Creation and conversion of data

      The most significant contribution of digital libraries is the creation of digital content, whether “born digital” or converted from print-based formats. Several representative digital library projects have been initiated to advance developments in both arenas. Noerr’s Digital Tool Kit and Fox’s Chapters 4 and 5 of this book provide extensive descriptions of current projects.

      Most library ventures into the creation of digital libraries include the conversion of local collections from print-based formats to digital formats. There are two major methods for conversion of text-based collections: manual re-keying of text and Optical Character Recognition (OCR) scanning. Before any text is converted a document structure or schema must be determined and the markup method developed. Of course the application software used to produce the collection must also be considered.

      If a re-keying process of the text is chosen, then the materials are removed from their shelves or cabinets, data entry is performed, errors detected and then corrected. This process is very labor intensive, slow and can be expensive if executed in-house by the library. Commercial service bureaus or conversion vendors with highly skilled data entry operators located in several countries can provide cost effective quality conversions. Typically, re-keying is considered to be the most expensive means of conversion.

      OCR scanning is a viable option for some text data conversion projects. Rather than re-keying the text, scanners are used to “read” the characters and convert them into digitally encoded text.  Materials to be scanned must be removed from their storage containers. Bound materials may need to be photocopied or unbound. Scanning speeds can vary depending on the capacity of the scanners and the PC hardware and software selected. The quality of the original document ultimately will determine the quality of the scanned document.

      The conversion of documents that include images (i.e. photos, drawings, maps, graphs) must be converted using scanners and document imaging techniques. Integrated commercial packages have been bundled with hardware (servers, scanners, and workstations) and the software to facilitate indexing and retrieval of the processed collections.
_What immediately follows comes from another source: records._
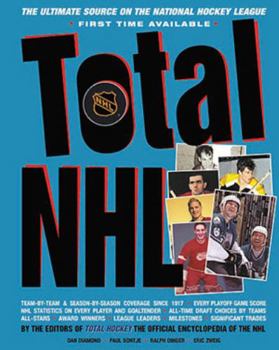 Paperback Total NHL: The Ultimate Source on the National Hockey League Book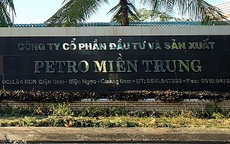 Petro Miền Trung giải trình khắc phục cổ phiếu bị cảnh báo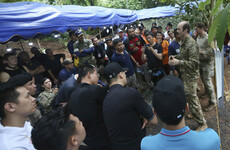 Divers with extra supplies make progress in search for 12 missing boys in Thai cave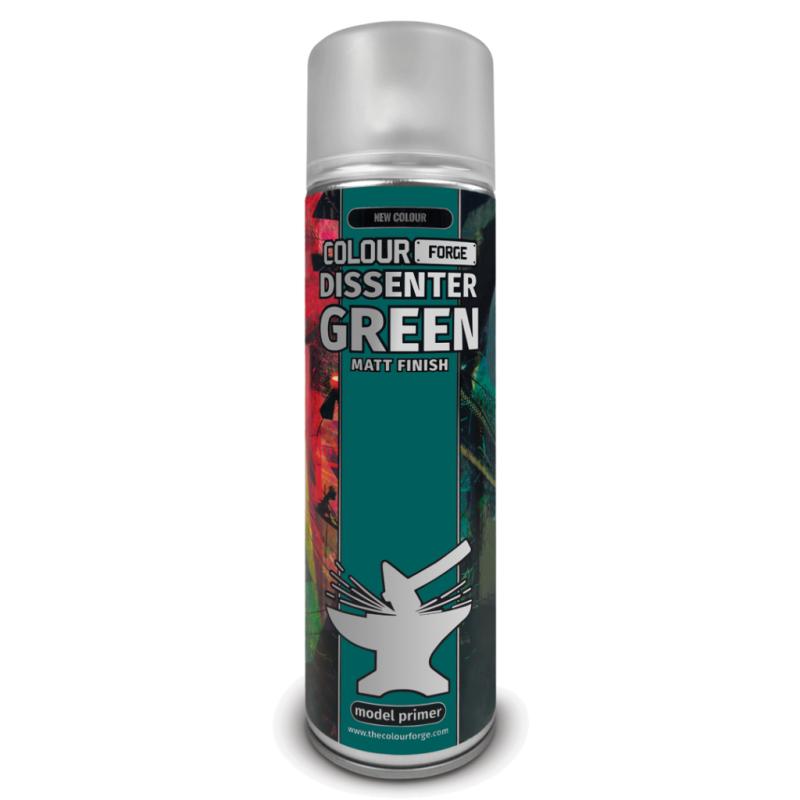 Colour Forge: Dissenter Green Spray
      Extensive developments have been accomplished in recent years to increase the functionality and productivity of conversion techniques. Open standards should be used where available, affordable and feasible. Avoid investing in conversions of data that will result in long term archival storage in proprietary data formats such as Adobe’s Acrobat. Will a reader program exist in 20 years that can read that data? Or will that data have to be repeatedly converted to keep pace with future versions of reader programs?

      Cornell University Library has published a Digital Imaging Tutorial in both English and Spanish (Cornell 2000).  The Northeast Document Conservation Center conducts the School for Scanning, see their web site for more information (

      Saffady (1999, p. 291) and Lesk (1997, p. 48) offer comprehensive chapters on digital libraries and text conversions. The Archives Builders provides extensive information on document conversion techniques, see web site for more information (

      While the focus of this chapter has been on the technical aspects of digital libraries, perhaps the most valuable investment an organization can make is in the human resources necessary to create and support the hardware infrastructure and the creation and conversion of content. The recruitment and hiring of knowledgeable technicians is crucial, but the commitment does not end there. Ongoing training is a must. The constant surveying of technological developments and new digital library projects will be required to maintain an awareness of new techniques.